Masyarakat antusias memadati acara bazar rakyat di kawasan Monumen Nasional (Monas) hingga menimbulkan antrean panjang untuk menukarkan kupon dengan sembako hingga pakaian. Sekretaris Kabinet Teddy Indra Wijaya menyampaikan permohonan maaf atas ketidaknyamanan yang dirasakan masyarakat akibat panjangnya antrean.

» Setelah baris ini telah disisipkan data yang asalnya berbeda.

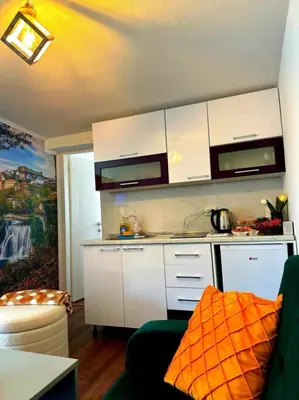 a kitchen with white cabinets and an orange pillow at Apartman EDEN in Jajce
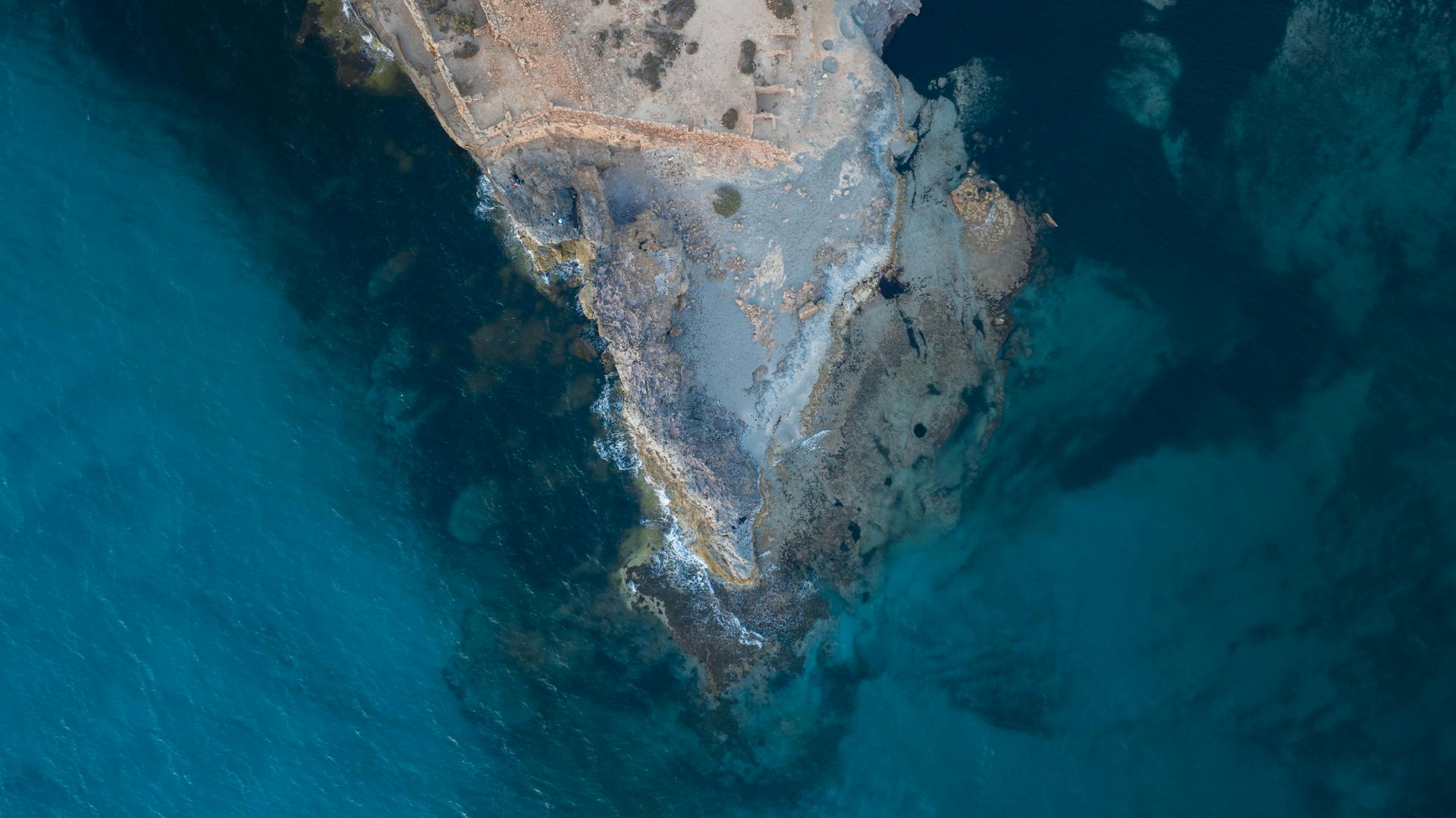 Stunning aerial shot of Libyan rocky coastline with clear blue waters, showcasing natural beauty.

"Kemudian tadi minta maaf ada yang antre. Kita sudah buka banyak banget pintunya sebenarnya, cuma tadi benar, antusiasme tinggi jadi mengantre agak panjang," ujar Teddy usai meninjau kegiatan di Monas, Jakarta Pusat, Sabtu (28/3/2026) malam.
Dia menyebut, meski terjadi kepadatan, acara secara umum berjalan lancar termasuk dari sisi pengamanan. Pemerintah juga telah menyediakan berbagai fasilitas untuk menjaga kenyamanan pengunjung selama menunggu.
"Tapi ya ada makanan, ada minuman. Tadi saya tanya satu-satu juga, mereka (warga) menyadari bahwa ya nggak apa-apa antre, namanya ini sekaligus menikmati nuansa Monas malam hari, lampu-lampu, musik dan sebagainya," ungkapnya.
Teddy menyebut kegiatan ini merupakan kali pertama digelar di kawasan Monas pasca-Lebaran, atas arahan Presiden Prabowo Subianto untuk memperpanjang suasana kebahagiaan Hari Raya bagi masyarakat. Sebelumnya, kegiatan serupa telah digelar di Istana dan mendapat respons tinggi dari publik.
"Kemudian Bapak Presiden ingin membuat nuansa kegembiraan Lebaran ini masih terasa, dibuatlah acara seperti ini," ucap Teddy.
Dalam kegiatan tersebut, pemerintah membagikan sekitar 100 ribu kupon senilai Rp500 ribu per kupon yang dapat ditukarkan dengan berbagai kebutuhan, mulai dari sembako hingga barang seperti pakaian, sepatu, tas, perlengkapan sekolah, dan alat ibadah. Produk-produk tersebut berasal dari pelaku usaha mikro, kecil, dan menengah (UMKM) yang didatangkan dari berbagai pusat perdagangan di wilayah Jabodetabek, seperti Pasar Tanah Abang, Pasar Senen, dan Pasar Ular.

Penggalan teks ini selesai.